Embodiments of the present invention will be described below with reference to the drawings. FIG. 1 shows a method for producing rice husk compost of the present invention. First, rice husks are coarsely crushed while being heated, and soft swelled by heating, to which gram-negative bacteria (Flavobacterium) and lactic acid bacteria (Stremyces), which are high-temperature fermenting bacteria, are added and subjected to primary fermentation. In addition, miscellaneous materials such as weeds and bushes are temporarily fermented by adding Gram-negative bacteria (Flavobacterium) after cutting. This rice husk and miscellaneous materials, which have been temporarily fermented, are mixed and mixed with amino acids and protein-degrading bacteria such as acetic acid bacteria (Acetobacter) and mold (Bacillu).
s), Gram-negative bacteria (Flavobacterium) and actinomycetes (Streptomyces t
hermovulgaris), fungi (Mucor pusillus), fungi (Hu
micola langunosa) and white rot fungus, which is a lignin-caisan decomposing fungus. After that, in the stacking chamber, the turning operation was performed once or twice, and the stacking and secondary fermentation were performed for several months.
Create rice husk compost. It is an effective fungus for this rice husk compost
VA mycorrhizal fungi (Versicle Arbuscule) and rhizobia (Hakteroito)
The mixture is stirred and dried at a low temperature to remove water appropriately and packed in a bag to produce a rice husk compost product.

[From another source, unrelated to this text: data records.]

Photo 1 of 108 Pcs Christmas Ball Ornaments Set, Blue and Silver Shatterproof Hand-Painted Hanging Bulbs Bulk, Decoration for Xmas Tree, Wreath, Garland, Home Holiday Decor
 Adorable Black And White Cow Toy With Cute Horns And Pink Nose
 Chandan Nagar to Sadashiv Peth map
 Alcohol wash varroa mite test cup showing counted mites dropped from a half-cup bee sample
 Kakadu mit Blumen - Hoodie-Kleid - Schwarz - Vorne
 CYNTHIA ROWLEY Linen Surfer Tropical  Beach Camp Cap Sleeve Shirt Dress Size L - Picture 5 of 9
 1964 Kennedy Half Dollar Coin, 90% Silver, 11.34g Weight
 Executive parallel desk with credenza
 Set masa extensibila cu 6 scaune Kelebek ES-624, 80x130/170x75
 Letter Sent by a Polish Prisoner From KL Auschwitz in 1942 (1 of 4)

[0009] Here, the properties and effects of the VA mycorrhizal fungi and rhizobia, which are effective bacteria, will be described. First, VA mycorrhizal fungi are a class of lower molds called algal fungi. Although it cannot coexist with the roots of aquatic plants, it coexists with almost all terrestrial wild herbaceous plants and trees except for plants of the family Brassicaceae, Brassicaceae and Cyperaceae. Hyphae that germinated from spores in the soil
Unlike ectomycorrhizal fungi, without wrapping thorns on the root surface,
It enters the root and invades the cell skin of the root skin. One end of the hypha pushes the cell wall of the root skin cell inward, and elongates a dendritic state in which the tip of the mycelium branches like a tree branch. The dendritic mycelium is not an endomycorrhizal fungus because it is outside the dented cell wall. The other end of the hypha swells in the intercellular space,
It forms a cystic (vesicular) body.

[0010] A large number of mycelia grow from the root surface to 7-8 cm in the soil.
The total length of mycelium per cm of root is 1 m.
A large number of mycelia cross the phosphate-deficient zone formed around the root and collect available phosphate at low concentrations far away from the root. Phosphoric acid carried in the mycelium is passed to plants as dendrites, and the plants receive organic substances such as sugars. The organic matter that has settled in the mycelium becomes fat grains, but when the nutrients in the mycelium are sufficiently accumulated, a sac is formed and fat is stored therein.

[0011] VA mycorrhizal fungi can coexist in most agricultural crops. Particularly in soils with low available phosphate levels, crop growth can differ by more than twice, with or without coexisting VA mycorrhizal fungi.

[0012] For use in tree nurseries, VA mycorrhizal fungi are inoculated into soil that has been disinfected for disease prevention, thereby reducing fertilizer costs. According to artificial inoculation, phosphorus fertilizer can be reduced by 70%. Further, root elongation is promoted by VA mycorrhizal fungi, so that the efficiency of fertilizer absorption by the root itself is improved, and nitrogen and potassium fertilizer can be reduced by 30%.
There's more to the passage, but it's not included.